If the settlement agreement references a named allocation schedule, label your exports using the same schedule name to avoid confusion later.

Common pitfalls

These issues commonly cause Massachusetts runs to look “wrong” even when the math is working:

  • Using the wrong period selection

    • Even though Massachusetts uses the general/default period (because no claim-type-specific sub-rule was found), the tool may still require you to select the correct period option in the UI.
    • If your settlement defines a specific eligibility window, select the matching period setting.
  • Misalignment between settlement terms and tool inputs

    • If the settlement uses caps, weights, or a specific allocation base, but you select a different allocation basis in DocketMath, totals may still reconcile while individual shares differ materially.
  • Missing eligibility flags during import

    • Bulk uploads sometimes omit an eligible indicator or a cohort/date field.
    • Depending on configuration, the tool may treat all rows as eligible, exclude them, or bucket them into an unintended cohort.
  • Rounding expectations

    • Allocators often round per claimant.
    • Expect small differences between “sum of individually rounded amounts” vs. the exact unrounded pool. Review how the tool handles rounding/remainders.
  • Over-assuming that consumer-protection class actions create special sub-rules

    • This guide is based on the general/default period approach: no claim-type-specific sub-rule was found.
    • So, don’t expect the tool to automatically apply a special period just because the matter involves consumer protection under Mass. Gen. Laws ch. 93A, § 9(2).

Try it

To validate your Massachusetts setup quickly in DocketMath:

  1. Set:
    • Jurisdiction: US-MA
    • Rule period: the general/default period selection consistent with your settlement eligibility window
    • Allocation basis: proportional/weighted exactly as your settlement describes
  2. Run with a small test set (3–10 claimants) first.
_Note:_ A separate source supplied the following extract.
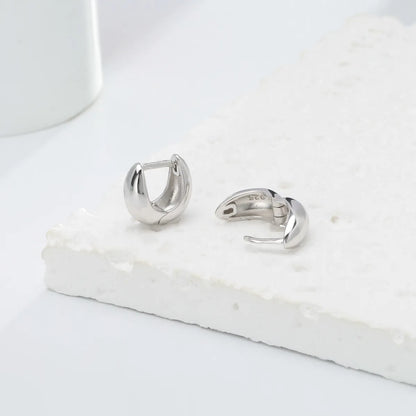 1 Pair Simple Style Commute U Shape Plating Sterling Silver White Gold Plated Gold Plated Earrings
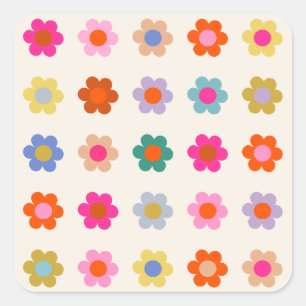 Retro Colourful Floral Preppy Abstract Flowers Square Sticker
While reviewing test results, check:

  • Directionality: Do higher claimed amounts (and/or higher weighted values) correspond to higher allocations?
  • Inclusion/exclusion: Do eligibility flags and period logic match your expected cohort?
  • Totals: Does the tool allocate the full allocable pool (allowing for rounding)?

Mini checklist:

  • Massachusetts (US-MA) is selected
  • Period uses the general/default period (no claim-type-specific sub-rule found)
  • Claimant eligibility fields are populated for each row (or your cohort/date inputs are correct)
  • Allocation basis matches the settlement agreement’s allocation method
  • You export results that record jurisdiction, period selection, and allocation basis labels

If something looks off, adjust inputs one at a time—commonly period first, then allocation basis, then claimant eligibility fields.